Panthers’ head coach Ron Hunter, who entered his sixth season with 103 victories, was the head coach at IUPUI in downtown Indianapolis for 17 seasons and lived in the Indianapolis Pike High School district, where his son, R.J., was a standout performer before joining his dad when Ron Hunter took the Georgia State job.

R.J. Hunter plays for the Chicago Bulls and is a good friend of Thompson.

Thompson grew up near the Hunter residence and was friendly with the Hunter family, although Thompson attended Indianapolis Brebeuf Jesuit High School.

"I’ve always admired R.J, and knowing coach Hunter, he will have his team ready to play Friday night," Thompson said Wednesday. "Coach Hunter likes to change defenses a lot, so it’s a huge game for them, and a huge game for us.

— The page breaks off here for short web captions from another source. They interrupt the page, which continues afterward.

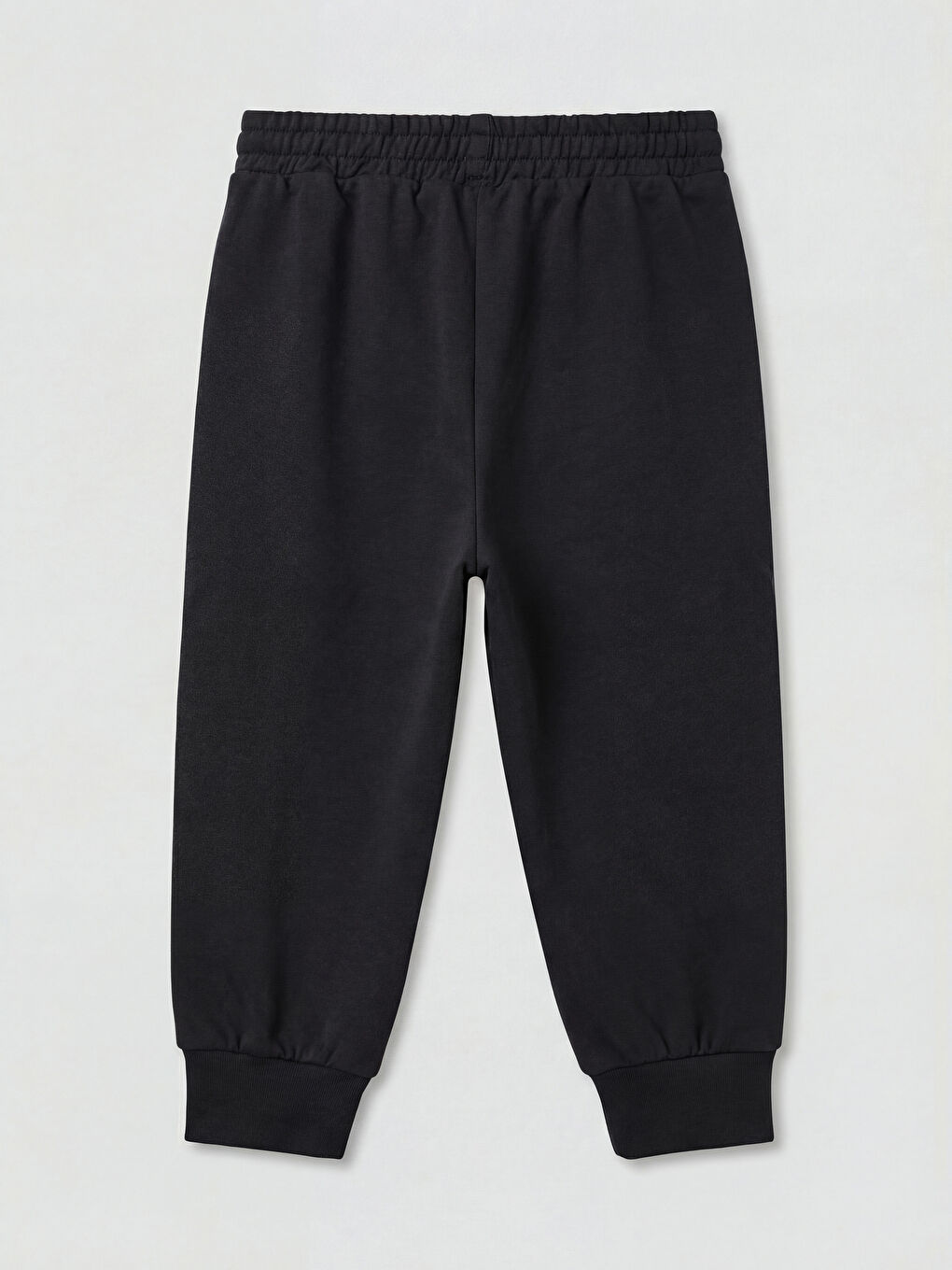 Lion King Printed Baby Boys' Set-4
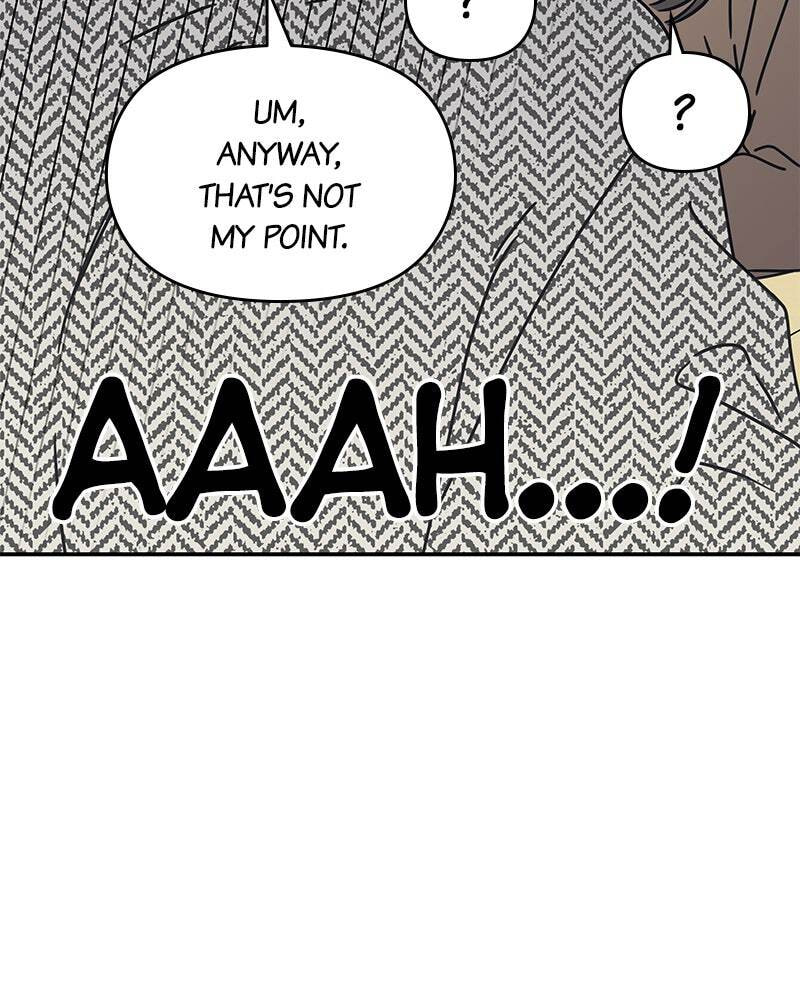No Office Romance! Chapter 6 page 118 - 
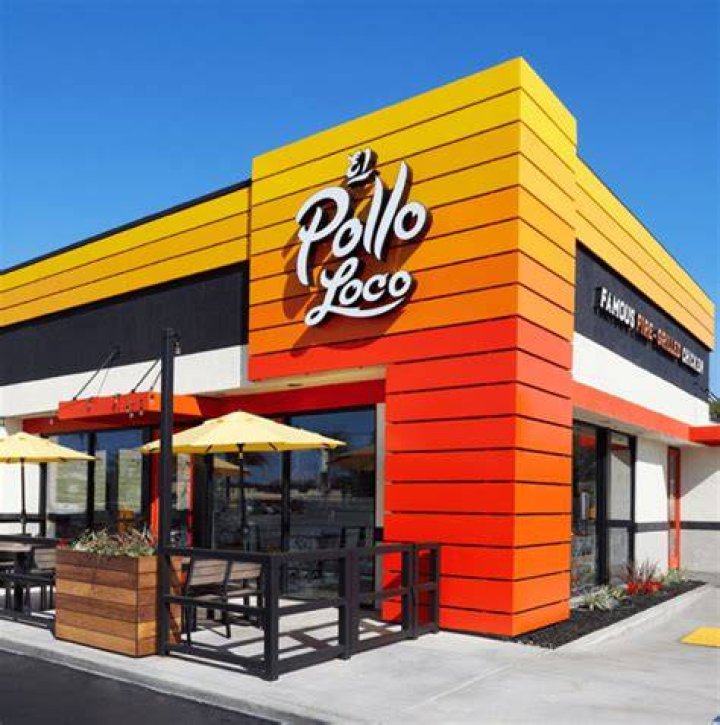 Is El Pollo Loco Open On Easter - SarkariResult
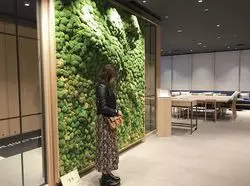 【ベッセルホテルカンパーナすすきの】これが本当の、朝食の美味しいホテル♡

"We need to bring the same kind of intensity against Georgia State as we brought against Villanova. I was talking to (assistant) coach (Kenneth) Lowe after the Villanova game, and he told me that if we bring that intensity every night, we won’t lose many games."

Purdue knows that Georgia State’s leading scorer — 6-foot-8 senior forward Jeremy Hollowell — will play with lots of intensity. Hollowell, who played high school basketball at Indianapolis Lawrence Central, was recruited by Purdue coach Matt Painter but ended up picking Indiana.

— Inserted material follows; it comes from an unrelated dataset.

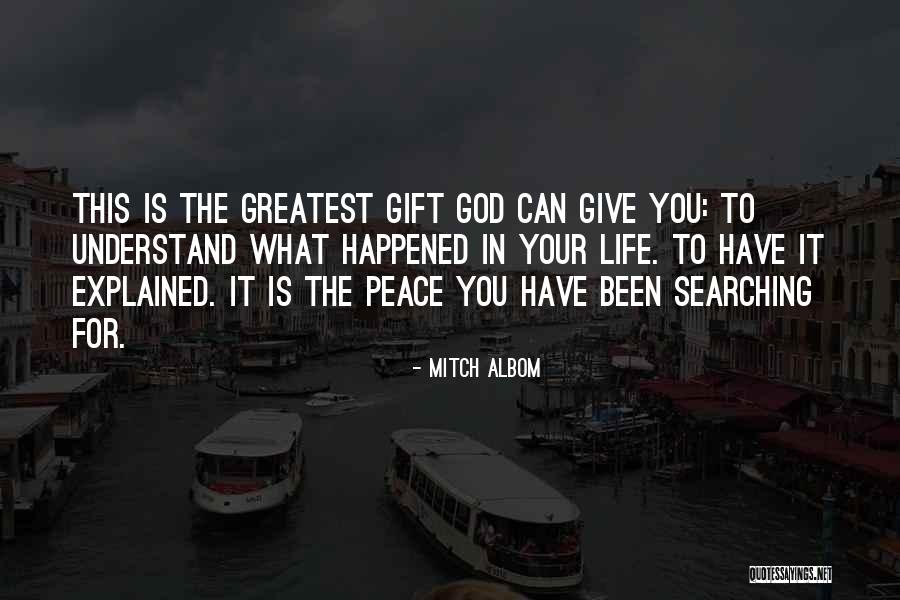 Paddy Killoran Quotes By Mitch Albom Paddy Killoran Quotes By Mitch Albom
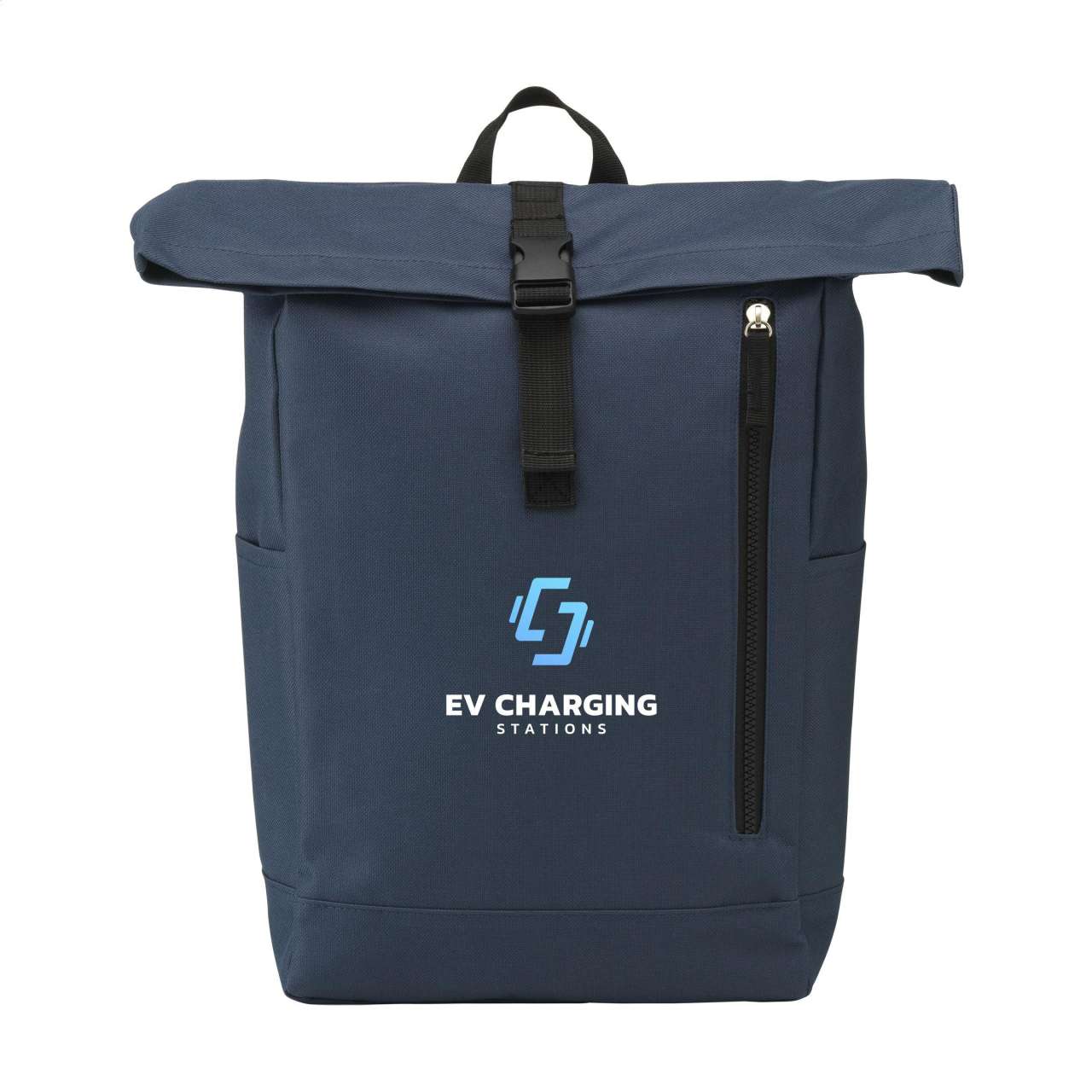 Nolan Rucksack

Hollowell transferred to Georgia State and is averaging 21.5 points and five rebounds.

Purdue forward Vince Edwards, who had 10 points, four rebounds and eight assists in Monday’s loss to Villanova, believes Georgia State will encounter a Boilermaker team that is eager to play after its performance against the 2016 national champions.

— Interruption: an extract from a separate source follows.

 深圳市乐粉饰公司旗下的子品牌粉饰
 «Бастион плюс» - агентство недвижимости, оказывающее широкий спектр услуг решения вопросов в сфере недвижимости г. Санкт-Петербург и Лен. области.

"We are excited about where we are now and how we can keep building," Edwards said. "There really is no ceiling as to where this team can go.

"We had some miscommunication on ball screens and some other mistakes against Villanova, but they are little things that we can correct. That’s one of the reasons we are excited to get right back out there and play Georgia State."

Georgia State’s primary task will be coping with Purdue’s 7-2 junior center Isaac Haas and 6-8 sophomore power forward Caleb Swanigan.

Haas is averaging 22 points and 4.5 rebounds, and Swanigan is averaging 21.5 points and 14 rebounds. Haas has made 17 of 21 shots from the field, and Swanigan has made 15 of 26.